# Southeast Regional PIGFEST Tallahassee, FL  February 18, 2012



## cassman (Jan 26, 2012)

Hey guys just saw this and wanted to share in case anybody was entering the deadline is coming up fast. No registrations will be accepted after January 31st.I may go but I’m going to be able to enter the BBQ competition this year.


----------



## cassman (Jan 26, 2012)

I forgot to post the link. http://cacaainc.org/Events/Pigfest2012.aspx


----------



## raptor700 (Feb 15, 2012)

I'm in Cassman, hope to see you there.

Look for Poverty Hill Smokers.

Hope to see you to Jerry


----------



## raptor700 (Feb 19, 2012)

Well.............................I found out the judges don't like chicken legs, I got 24th out of 42 teams in chicken  
	

	
	
		
		



		
			






But i backed it up with a 10th in ribs, 11th in pork and 12th in brisket.  Finished 14th overall out of 42 teams.

Here's a few picks of the turn-ins

  chicken 







      ribs







   pork







    brisket







  We had a great time and we got to bring home a souvenir


----------



## solaryellow (Feb 19, 2012)

Congratulations Ken! I still am of the opinion it takes big brass ones to put your best out there for somebody else to interpret.


----------



## DanMcG (Feb 19, 2012)

very  Impressive  finish to me!

Nice work Ken,,,,,


----------



## boykjo (Feb 19, 2012)

solaryellow said:


> Congratulations Ken! I still am of the opinion it takes big brass ones to put your best out there for somebody else to interpret.


X2

Joe


----------



## bmudd14474 (Feb 19, 2012)

awesome Kenneth


----------



## raptor700 (Feb 19, 2012)

Thanks guys, i learned a few more tricks while we were their.

One of them was.............don't leave your cook site unattended. We had a storm roll through after midnight and it got pretty rough.

I hope Jerry's greenhouse's weathered the storm.
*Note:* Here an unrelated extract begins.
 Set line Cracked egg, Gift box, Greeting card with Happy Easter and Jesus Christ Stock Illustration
These pics were taken before the really bad weather hit


----------



## pineywoods (Feb 19, 2012)

Congrats Kenneth sorry I wasn't able to come visit my Dad fell Wednesday night and broke his hip so I had to head that way. I haven't gotten back to camp yet but a friend checked and said everything is fine there. One of these years it's gonna work out for me to get to that comp and visit with ya


----------



## raptor700 (Feb 19, 2012)

I completely understand Jerry, I wish your Dad a speedy recovery, I hope he's doing well.
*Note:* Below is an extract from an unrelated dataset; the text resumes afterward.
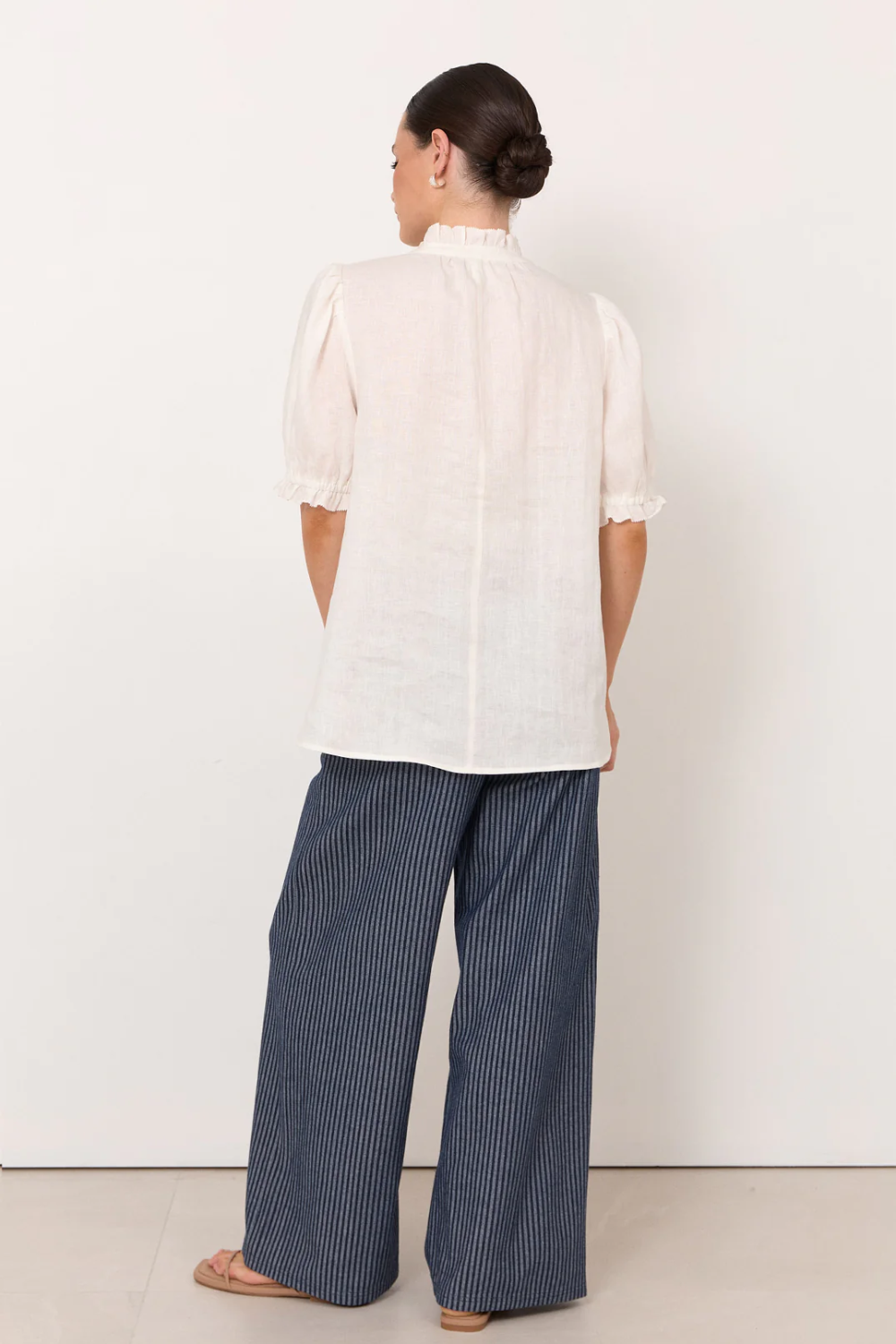 Adorne Sandra Short Sleeve Linen Top - White AJD2294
Glad to hear everything is alright at the camp, It was some bad weather.


----------



## cassman (Feb 20, 2012)

raptor700, Sorry I couldn't make it this weekend, had family stuff come up. Good job on your placement. Will you be competing in the Triple B this year? I want to do a competition but I need to visit a couple to learn the ropes.


----------



## raptor700 (Feb 20, 2012)

Yes i will be be at the Triple B this year, come on by and hang out you will learn a lot, and maybe have some great BBQ


----------



## sprky (Feb 20, 2012)

I would say that is quite impressive. I don't think I am ready for comps, although people tell me my Q is very good, besides ya can't use LPG, and I only got 1 WSM.


----------